Start of Block

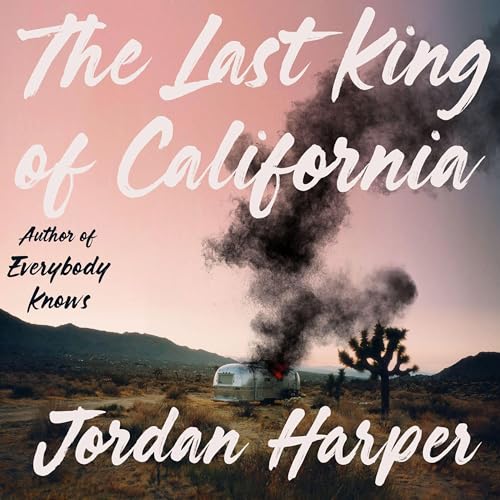 Cover of The Last King of California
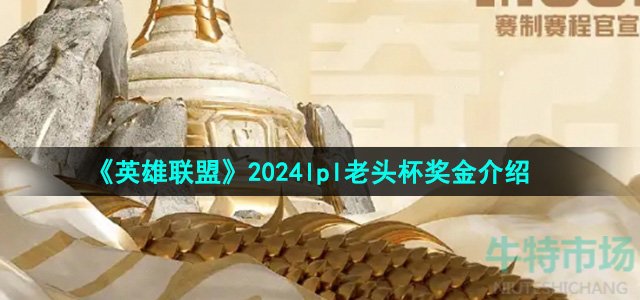 《英雄联盟》2024lpl老头杯奖金介绍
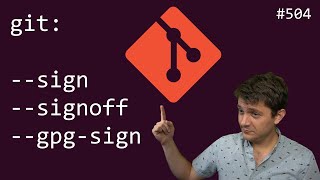 git: the several ways to "--sign" (intermediate) anthony explains #504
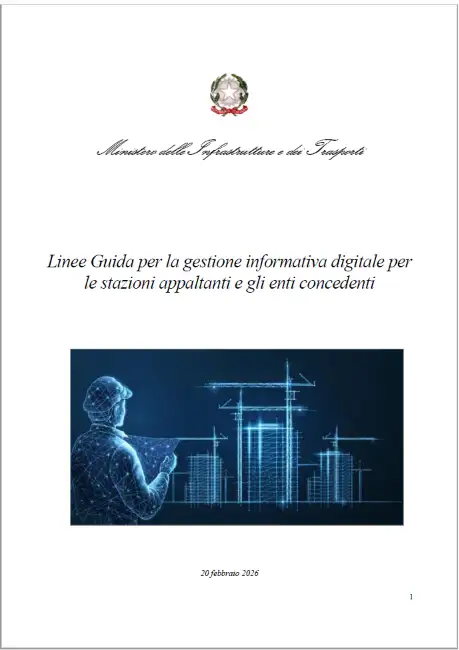Linee Guida gestione informativa digitale (GID) delle costruzioni Linee Guida gestione informativa digitale (GID) delle costruzioni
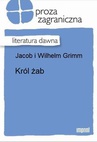 ebook Król żab - Jacob Grimm,Wilhelm Grimm
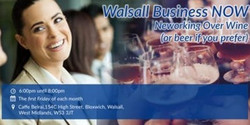 Walsall (Bloxwich) Business Now - Networking Over Wine (Or Beer)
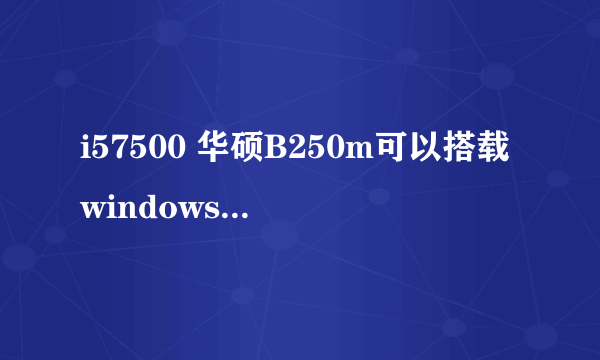 i57500 华硕B250m可以搭载windows7旗舰版吗i57500 华硕B250m可以搭载w？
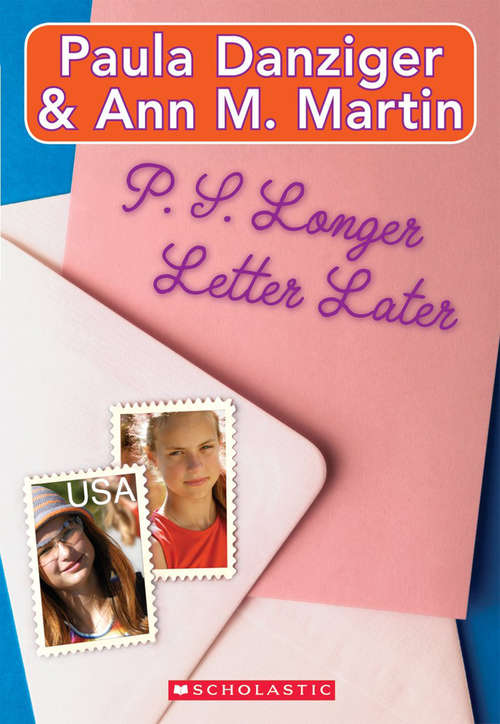 Book cover of P.S. Longer Letter Later (Tara Starr And Elizabeth Ser.)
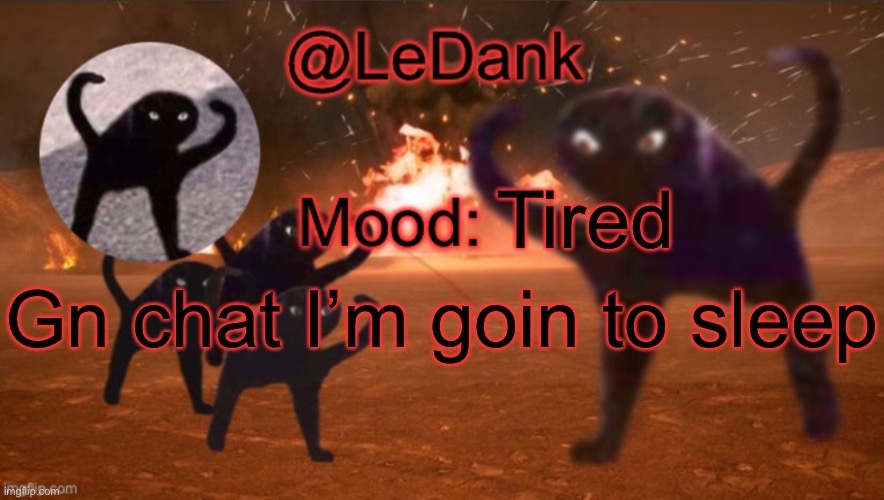 LeDank template | Tired; Gn chat I’m goin to sleep | image tagged in ledank template | made w/ Imgflip meme maker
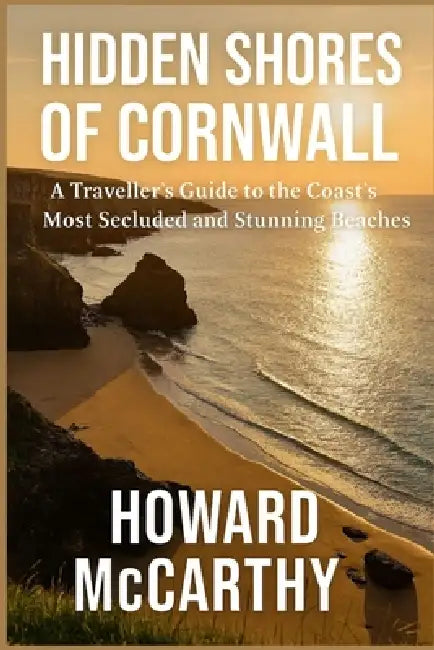 Hidden Shores of Cornwall: A Traveller's Guide to the Coast's Most Secluded and Stunning Beaches by Howard McCarthy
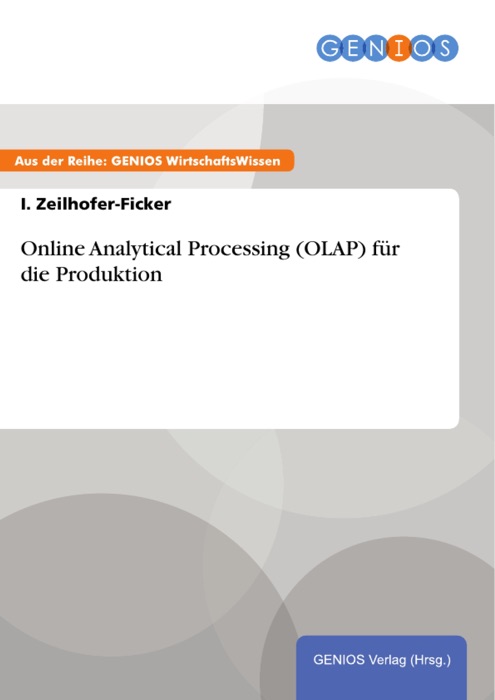 Online Analytical Processing (OLAP) für die Produktion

End of Block

§ Exercise objective
Above are some entries; copy exactly the lines from the line with "ebook Król żab - Jacob Grimm,Wilhelm Grimm" through the line with "LeDank template | Tired;", both included, but none of the pictures.

§ Worked solution
 ebook Król żab - Jacob Grimm,Wilhelm Grimm
 Walsall (Bloxwich) Business Now - Networking Over Wine (Or Beer)
 i57500 华硕B250m可以搭载windows7旗舰版吗i57500 华硕B250m可以搭载w？
 Book cover of P.S. Longer Letter Later (Tara Starr And Elizabeth Ser.)
 LeDank template | Tired; Gn chat I’m goin to sleep | image tagged in ledank template | made w/ Imgflip meme maker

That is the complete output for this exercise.